De enfeito decorativo a emblema cultural
Ao longo do século XX, o farolillo foi afianzándose como um elemento inseparável da Feira de Abril. Sua imagem não só define o espaço físico do Real, sina que tem trascendido à iconografía da cidade, já que aparece em cartazes, souvenirs, anúncios turísticos e até em expressões da fala popular.

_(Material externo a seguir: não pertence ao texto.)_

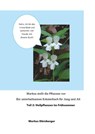 Markus stellt die Pflanzen vor. Ein unterhaltsames Kräuterbuch für Jung und Alt. - Markus Dürnberger - 9783991299400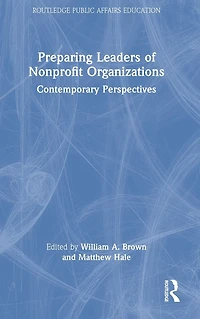 Preparing Leaders of Nonprofit Organizations: Contemporary Perspectives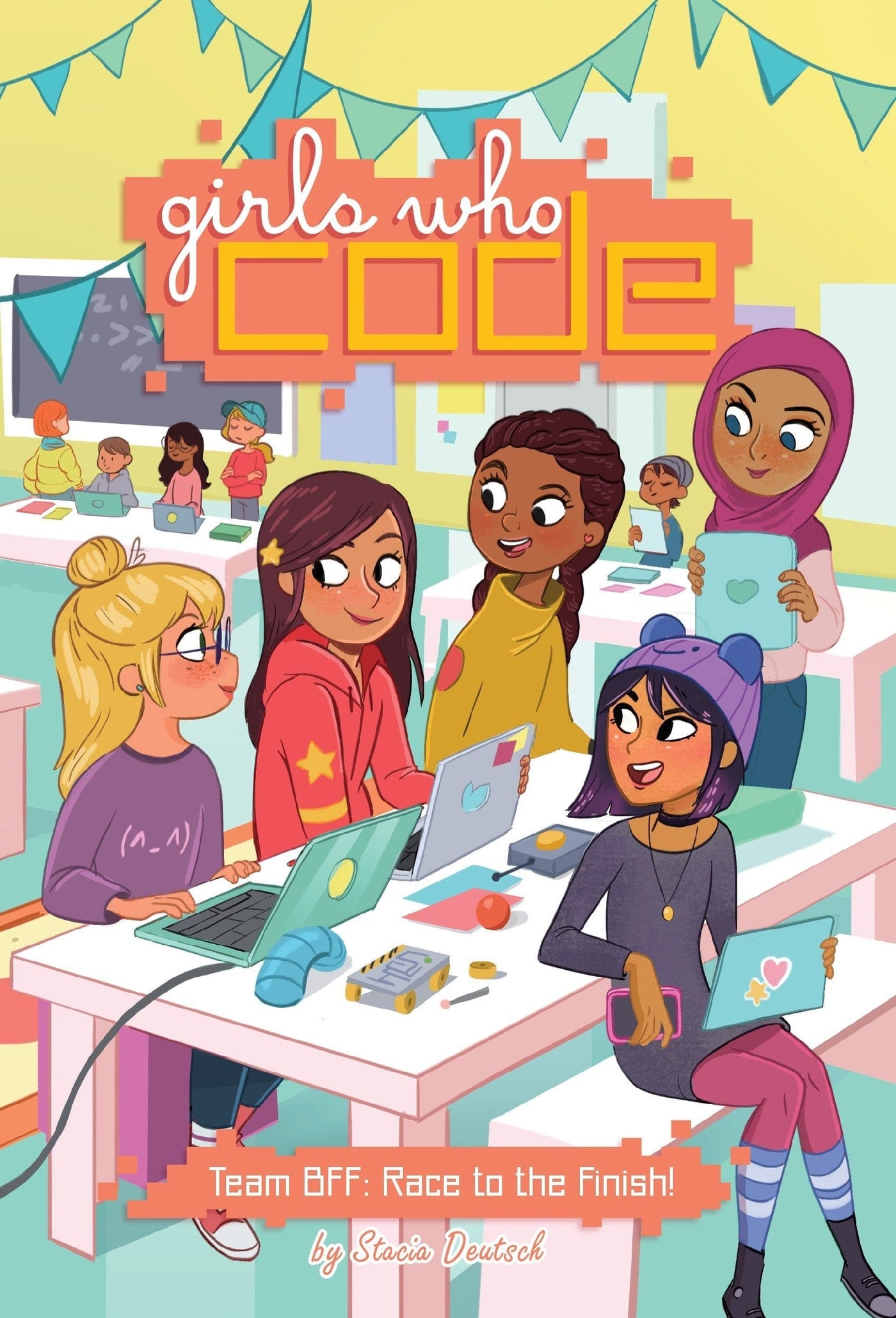 Team BFF: Race to the Finish! #2 (Girls Who Code) Hardcover | Stacia Deutsch by Penguin Random House Book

Com o tempo, os farolillos deixaram de fabricar-se exclusivamente em Sevilla, mas ainda hoje muitas das fábricas mais reconhecidas destes adornos seguem estando em Andaluzia, onde se produzem em grandes quantidades semanas dantes de cada feira.
A alma efémera da Feira
Hoje, dezenas de milhares de farolillos cobrem as ruas do Real, alinhados entre bombillas e tensores, criando um teto visual que cobra vida especialmente de noite, quando a iluminação transforma o recinto num espectáculo de luz e cor. São, a sua maneira, a materialización da alma efémera da Feira. São frágeis, alegres, perfeitamente inúteis em sua função prática, mas absolutamente imprescindíveis para entender o espírito da festa.

Desde uma inspiração oriental até converter-se em património sentimental da cidade, os farolillos da Feira de Abril são bem mais que decoración. São história viva de Sevilla, suspendida no ar.